Tuesday, November 27, 2007

Why Does the Government Regulate Marriage?

Lady writing in the New York Times asked a question I've asked here before. I didn't expect anybody to take it seriously, but now that I hear her talk about this, I do wonder, why does the government have anything at all to say about who you can marry?
WHY do people — gay or straight — need the state’s permission to marry? For most of Western history, they didn’t, because marriage was a private contract between two families. The parents’ agreement to the match, not the approval of church or state, was what confirmed its validity.

For 16 centuries, Christianity also defined the validity of a marriage on the basis of a couple’s wishes. If two people claimed they had exchanged marital vows — even out alone by the haystack — the Catholic Church accepted that they were validly married.

In 1215, the church decreed that a “licit” marriage must take place in church. But people who married illictly had the same rights and obligations as a couple married in church: their children were legitimate; the wife had the same inheritance rights; the couple was subject to the same prohibitions against divorce.

Not until the 16th century did European states begin to require that marriages be performed under legal auspices.
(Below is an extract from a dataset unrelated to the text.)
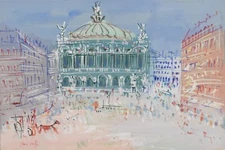 JEAN DUFY Art Poster or Rolled Canvas Print "Place de l'Opéra"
In part, this was an attempt to prevent unions between young adults whose parents opposed their match.

The American colonies officially required marriages to be registered, but until the mid-19th century, state supreme courts routinely ruled that public cohabitation was sufficient evidence of a valid marriage. By the later part of that century, however, the United States began to nullify common-law marriages and exert more control over who was allowed to marry.

By the 1920s, 38 states prohibited whites from marrying blacks, “mulattos,” Japanese, Chinese, Indians, “Mongolians,” “Malays” or Filipinos. Twelve states would not issue a marriage license if one partner was a drunk, an addict or a “mental defect.” Eighteen states set barriers to remarriage after divorce.

In the mid-20th century, governments began to get out of the business of deciding which couples were “fit” to marry. Courts invalidated laws against interracial marriage, struck down other barriers and even extended marriage rights to prisoners. Taking Marriage Private (by Stephanie Coontz, professor of history at Evergreen State College and author of Marriage, a History: How Love Conquered Marriage.)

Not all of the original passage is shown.